14. A pump according to claim 9 in which seals are formed at opposite sides of the channel by fluid between the bearings and the shaft to minimize passage of pressure fluid to and from the channel except through said grooves.

15. A pump according to claim 9 in which the shaft has a flange and collars at opposite faces of the hub, the grooves leading to and from the channels being formed in the surface of the collars rotatably received in a bore in the body, the assembly on the shaft being secured by a nut threaded on one end of the shaft.

16. A pump according to claim 15 in which seals are formed at opposite sides of the channel between the bores and the collars to minimize passage of pressurized fluid to and from the channel except through the grooves.

17. A pump for viscous fluid comprising; a body having an annular channel formed therein, a central cylindrical bearing disposed in said body concentric with said annular channel, a rotatable shaft disposed in said bearing for substantially closing said annular channel, said shaft having at least one blade fixed thereto and extending radially outwardly from said shaft into said channel, said blade having a cross-sectional shape complementary to the cross-section of said channel, a first groove formed in said shaft adjacent said bearing and extending along said shaft from an inlet into said closed channel entering behind said blade considered in the direction of rotation of said shaft and said blade, a second groove formed in said shaft adjacent said bearing and extending along said shaft from an outlet into said closed channel entering in front of said blade, whereby fluid entering said channel through said first groove behind said blade progressively fills said channel as said shaft and blade are rotated and said advancing blade engages the fluid in front of said blade forcing the fluid through the second groove toward said outlet.

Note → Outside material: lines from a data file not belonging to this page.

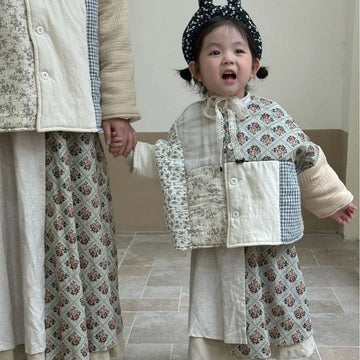 ショートコート・ジャケット・ジャンパー キッズパッチワークジャケット スカート 単品 ガールズ 女の子 子供服【mh0003174】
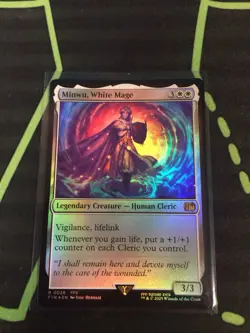 MTG Magic The Gathering Minwu, White Mage Foil FIN Rare Final Fantasy Commander - Image 1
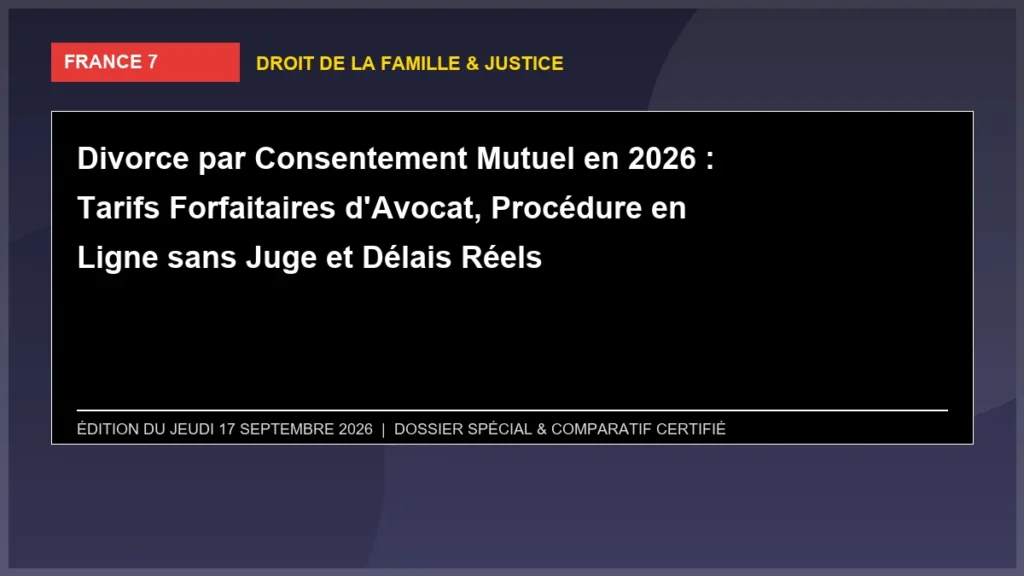 Divorce par Consentement Mutuel en 2026 : Tarifs Forfaitaires d'Avocat, Procédure en Ligne sans Juge et Délais Réels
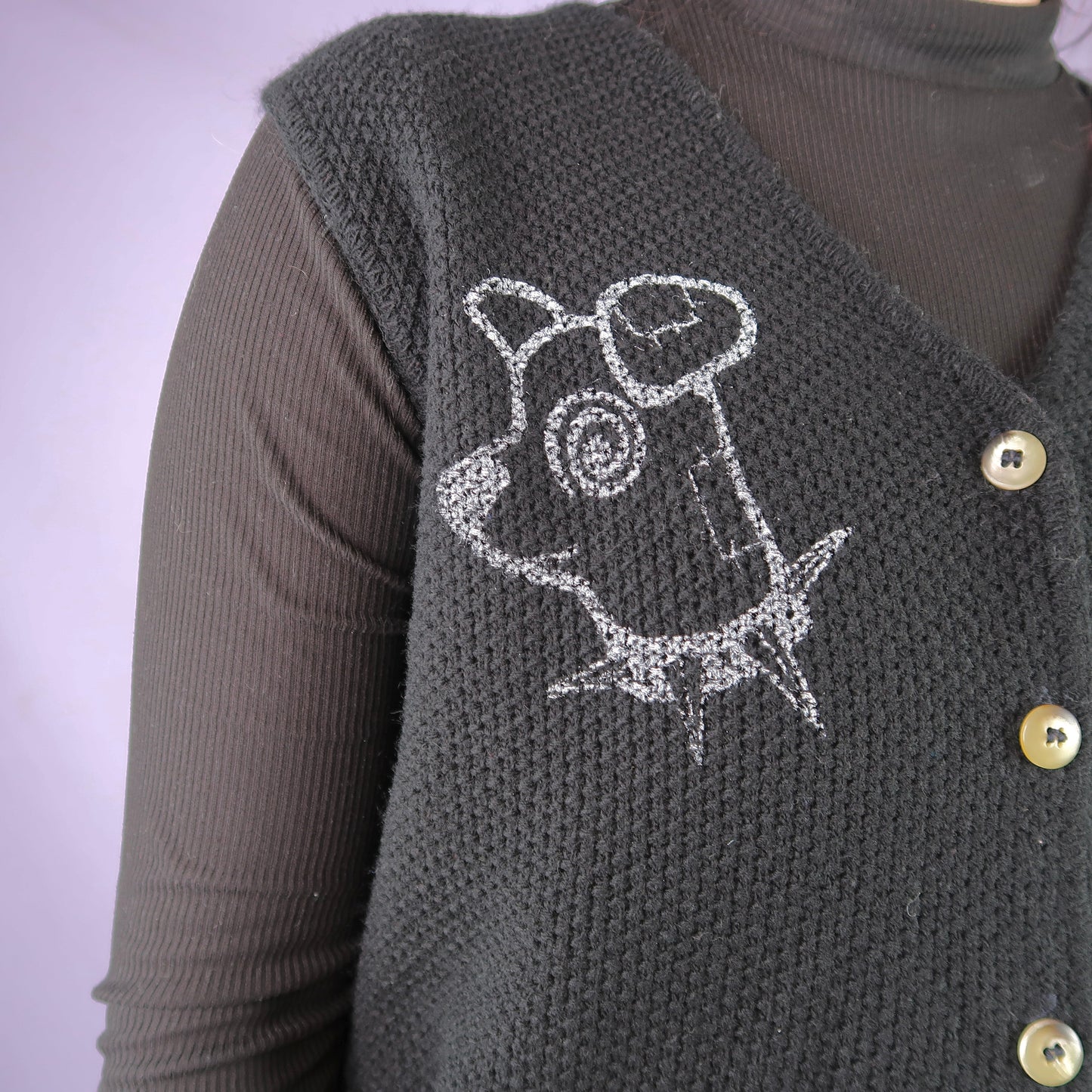 "Patches the Dog" Black Sweater Vest - Medium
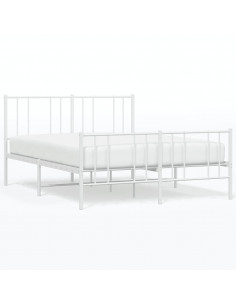 Giroletto con Testiera e Pediera Metallo Bianco 140x200 cm 2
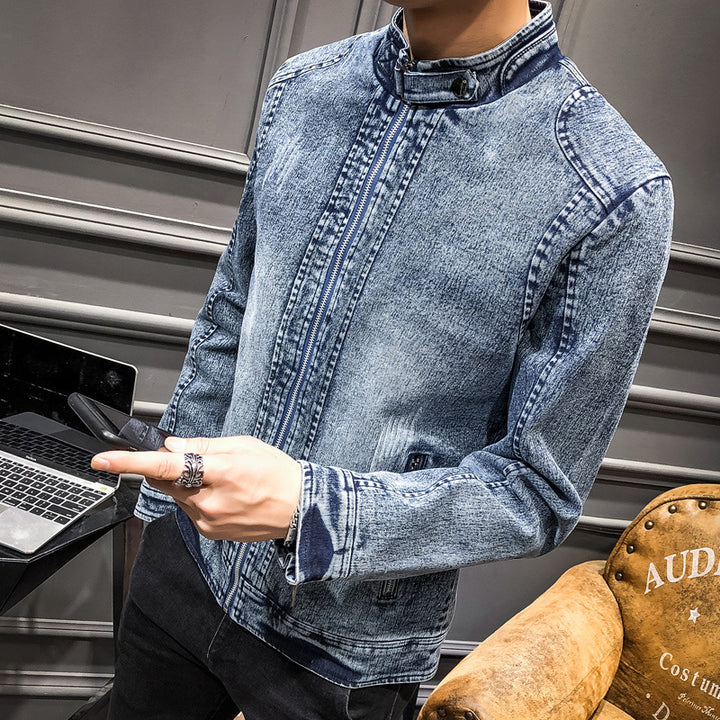 Herren Slim‑Fit Jeansjacke mit Stehkragen und Vintage‑Waschung Echo Archiv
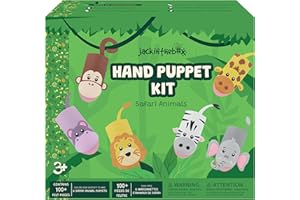 jackinthebox Hand Puppet Making Kit 6 Safari Animals Felt Puppet Craft Kit for Kids,Creative DIY craft Make Your Own Puppets,Best Craft Gifts for Kids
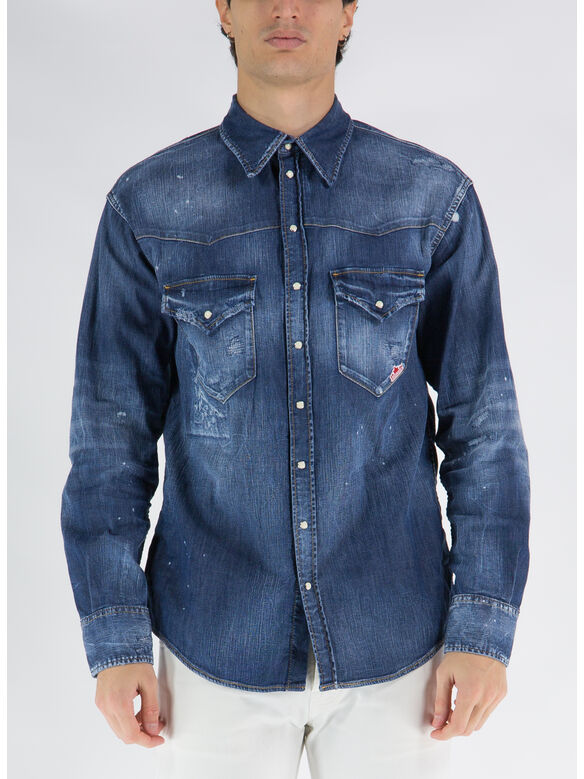 CAMICIA DENIM, 470 BLUE NAVY, medium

18. A pump as set forth in claim 17 further having a second blade fixed to said shaft diametrically opposed to said one blade and extending radially outwardly from said shaft into said channel, a groove formed in said shaft adjacent said bearing and extending along said shaft from a second inlet into said closed channel entering behind said second blade considered in the direction of rotation of said shaft and said second blade, another groove formed in said shaft adjacent said bearing and extending along said shaft from an outlet into said closed channel entering in front of said second blade, thereby said second blade being so disposed to limit uneven stresses and deflection in shaft.

19. A pump as set forth in claim 17 which comprises a second annular channel formed therein and axially spaced from said one channel, a second blade fixed to said shaft and extending radially outwardly from said shaft into said second channel, said blade having a cross-sectional shape complementary to the cross-section of said second channel, said second groove extending from in front of said one blade to the second channel at a point behind said second blade, and a third groove formed in said shaft from an outlet into said second channel.

20. A pump as set forth in claim 17 in which said bearing and said shaft are sufficiently close fitting to form seals at opposite sides of said channel to minimize passage of pressurized fluid to and from said channel except through said grooves.

21. A pump as set forth in claim 17 in which seals are formed at opposite sides of said channel by fluid between said bearing and said shaft to minimize passage of pressurized fluid to and from said channel except through said grooves.